Updating of a Metal texture in every frame

Hi,

We need to update some managed texture from system memory to GPU memory in every frame. Metal.

Problem: it seems that a texture still can be busy for rendering of queued frames and when we update it for next frame a previous frame can be rendered incorrectly (texture looks wrong).

How I can guess when a texture is being completely processed and can be re-used again? I don't know how long a queue of frames in Metal rendering.

It seems that DirectX can automatically create internal copies of a texture which we sent for rendering and we can start to modify the same texture for a next frame.

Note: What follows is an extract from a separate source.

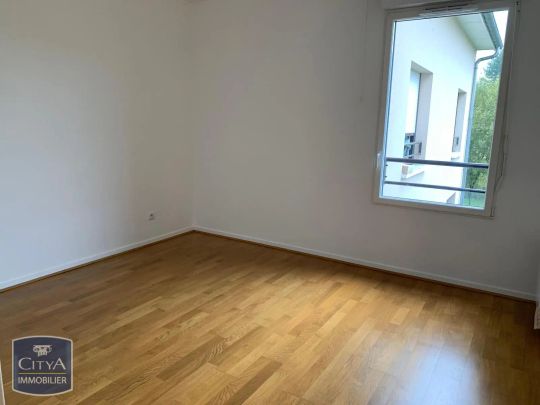 Appartement à louer 2 pièces 46.8m² - Photo 1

How to do the same in Metal?
I thought the same thing...
Is "MTLTexture.replaceRegion" asynchronous or synchronous, or if it is asynchronous, is there a delegate?
but...
Due to the machine's convenience, I thought I had to wait until the next drawing timing, so I did it with a double buffer.
We call replaceRegion:mipmapLevel:withBytes:bytesPerRow:

Documentation: "This method immediately copies the pixel data into the texture. It does not synchronize against any GPU accesses to this texture. For example, if a command buffer includes read or write operations on a given texture, you must ensure that these operations complete before calling the replaceRegion:mipmapLevel:withBytes:bytesPerRow: method on the given texture. You can use the addCompletedHandler: method, waitUntilCompleted method, or custom semaphores to signal that a command buffer has completed execution."

According Apple's documentation, this function is synchronous. In a current frame we don't have anothr command buffer which has other operations with the same texture.

But we have previous frames which still may be in a queue for rendering and this texture can be busy (potentially).
But how we should guess that this texture is "busy"?
I would grateful for any advise.
Usually, you want to double- or triple- buffer so you're not waiting for the memory region to become available again. ie, make 3 textures and rotate between them so one is free to be updated, one is being enqueued, and one is being used for rendering at any given time.
Hi Ceylo, darknoon,

Thanks for your replies!

I think that double/tripple buffering could be a real explanation of this issue.

Also an article "Synchronizing Events Between a GPU and the CPU" also is a good idea. It's difficult to understand if we really should use these sync. events. I need to think more.

Right now, our app works fine with 3 textures in a series.